A triangle has corners at (-1 ,2 ), (3 ,-5 ), and (7 ,4 ). If the triangle is dilated by a factor of 5  about point #(-2 ,6 ), how far will its centroid move?

Apr 26, 2018

Given vertices $\left(a , b\right) , \left(c , d\right) , \left(e , f\right)$, dilation point $\left(p , q\right)$, dilation factor $r$, the distance the centroid moves after dilation is:

$\frac{r - 1}{3} \sqrt{{\left(a + c + e - 3 p\right)}^{2} + {\left(b + d + e - 3 q\right)}^{2}}$

$= \frac{4}{3} \sqrt{{\left(- 1 + 3 + 7 - 3 \left(- 2\right)\right)}^{2} + {\left(2 \pm 5 + 4 - 3 \left(6\right)\right)}^{2}} = \frac{4}{3} \sqrt{514}$

Explanation:

I've answered one or two of these before.

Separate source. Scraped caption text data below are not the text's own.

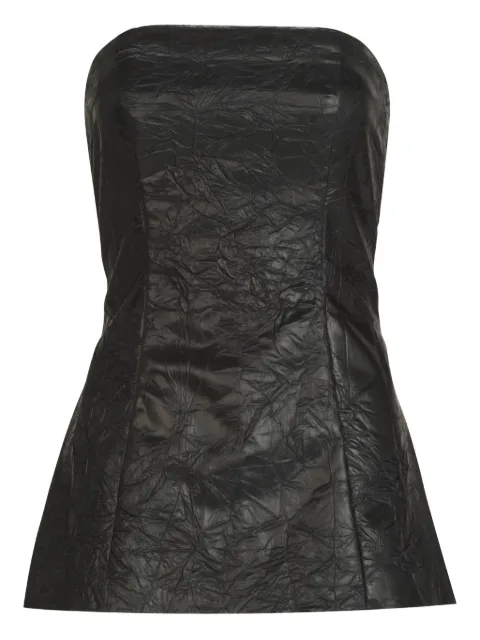 Silvia Tcherassi Astor strapless crinkled top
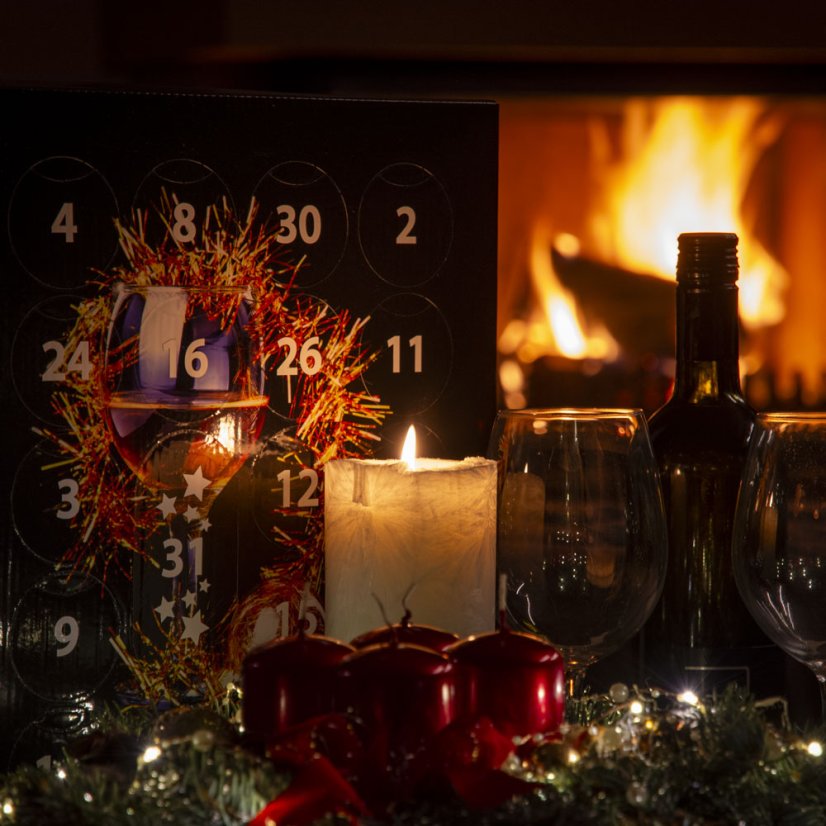 Velká vánoční dárková sada vín - potisk Sklenička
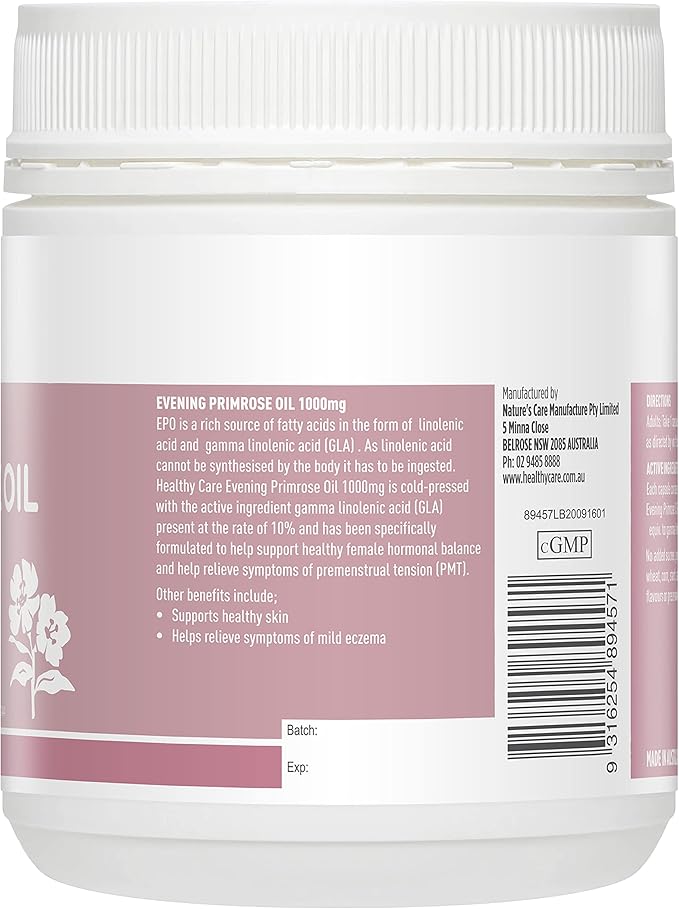 Healthy Care Evening Primrose Oil 1000mg 200 Capsules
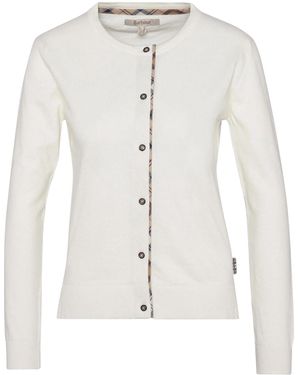 Barbour Cardigan Brendon Ecrù - White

Let's do this one in general:

Given a triangle with vertices $\left(a , b\right) , \left(c , d\right) , \left(e , f\right)$ and dilation point $\left(p , q\right)$ determine how far the centroid moves when dilated by a factor of $r$.

The centroid is $\left(u , v\right) = \left(\frac{1}{3} \left(a + c + e\right) , \frac{1}{3} \left(b + d + e\right)\right)$

The distance $s$ from the centroid to the dilation point is before dilation is

$s = \sqrt{{\left(u - p\right)}^{2} + {\left(v - q\right)}^{2}}$

After dilation it will be $r s$ so the total distance moved is:

$m = \left(r - 1\right) s = \left(r - 1\right) \sqrt{{\left(u - p\right)}^{2} + {\left(v - q\right)}^{2}}$

$m = \left(r - 1\right) \sqrt{{\left(\frac{1}{3} \left(a + c + e\right) - p\right)}^{2} + {\left(\frac{1}{3} \left(b + d + e\right) - q\right)}^{2}}$

$m = \frac{r - 1}{3} \sqrt{{\left(a + c + e - 3 p\right)}^{2} + {\left(b + d + e - 3 q\right)}^{2}}$